O’Desky’s journey back to the future began 16 years ago, when Eli began studying for his bar mitzvah under the guidance of Rabbi Ralph Mecklenburger and Sheri Allen, then a soloist and now a cantor.
“My son and I were a reverse l’dor v’dor,” she said, using the Hebrew phrase that means from one generation to the next. “Eli announced he wanted a bar mitzvah, and I studied with him. The more we studied, the more I was fascinated by the cantillation, the interpretations and the history.”
When she was growing up in Toledo, O’Desky, an alto with a broad musical range, loved to sing but stopped performing when a tonsillectomy damaged her vocal cords. As a mom, she began chanting Hebrew prayers with Eli, then soloed at Shabbat services and accepted invitations to lead bar and bat mitzvah ceremonies.
Encouraged, she auditioned for choral groups and joined the Fort Worth Symphony Festival Chorus in performances of Chichester Psalms, Beethoven’s Ninth, Carmina Burana and George Takei’s Sci-Fi Spectacular.
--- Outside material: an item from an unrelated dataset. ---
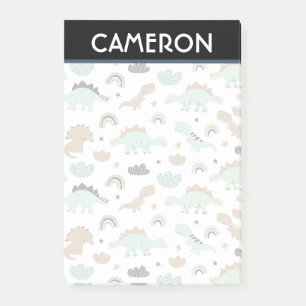 Cute Mint Green Dinosaur Pattern Post-it Notes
At the American Airlines Center in Dallas, she was in the choral backup twice when legendary tenor Andrea Bocelli performed. (“What a thrill.”)
When New York Cantor Bruce Ruben, director of the School of Sacred Music at Hebrew Union College, came to Beth-El to chant during the High Holidays in 2009, he urged O’Desky to audition for cantorial school.
“He was keen for me to audition at HUC, the Reform seminary, but I discovered we were not a good fit. It wasn’t academic enough for me. I’m a researcher, a scientist at heart. I want to know why.” She wanted more than a Reform Jewish school of music. “I heard about Hebrew College in the Boston area and came to take their Ta Sh’ma, their ‘look-and-listen’ session. The school had just launched a three-year cantorial ordination program wrapped around a master’s in Jewish education.”
That fit O’Desky’s vision. She was one of only three applicants accepted.
“The school is pluralistic,” she explained, “meaning it covers all streams of Judaism, not just Reform, Conservative or Orthodox. I fell in love with the program, the people and the idea.”
The main obstacle was Hebrew. She knew the basics because she had gone to Hebrew school while growing up in Toledo. But for cantorial school, applicants need to be at “Hebrew 4 level,” comparable to four semesters of liturgical Hebrew. O’Desky was at level 2.
“That’s like reading Beowulf in English,” she sighed. “When you learn a language in your 50s, it’s an adventure. I wouldn’t have made it without Batya Brand,” the Israeli-born educator and sage who formerly headed the Fort Worth Hebrew Day School. When Brand moved to New Jersey, the pair studied on Skype.
To further bone up on Hebrew, O’Desky enrolled in Hebrew College’s Masters in Jewish Studies program, a rabbinical track. “We studied the same things as rabbinical students — Talmud, Mishnah, Hebrew and lifecycle events (doing weddings, bar mitzvahs, funerals, baby namings).”
Because cantorial students have no classes during Rosh Hashanah and Yom Kippur, they go to work. Abilene’s Temple Mitzpah hired O’Desky in 2016 as “kol bo,” meaning “cantor, rabbi, Torah reader, sermon giver, you name it.” The High Holidays stint turned into a year-round position, with Monica commuting 150 miles from Fort Worth to Abilene every four to six weeks. She got rave reviews from the Abilene Reporter-News for her interfaith work in West Texas.
She has also been a weekend scholar-in-residence at Longview’s Temple Emanu-El, an East Texas congregation. On several occasions, she led events for the Texas Jewish Historical Society, which considers her an honorary member.
What’s next now that O’Desky has earned the title of “cantor” and two more master’s degrees? She plans to slow down, catch her breath and see what comes along. Her son, Eli, now 28, has a master’s in government and conflict resolution from Israel’s Interdisciplinary Center in Herzliya. He joined the Texas National Guard and is assigned to an overseas intelligence group.
O’Desky resumed using her maiden name in January. “It felt right to be ordained as Monica O’Desky,” she said. Although the surname has an Irish lilt, it was derived from her family’s roots in the Black Sea port of Odessa.
“The story goes that when my father’s brothers came to America. Too many Ukrainian Jews were pouring in. So, they made themselves an Irish name for a better chance. So here we are.”
A newly minted Jewish cantor with an Irish rhythm to her name.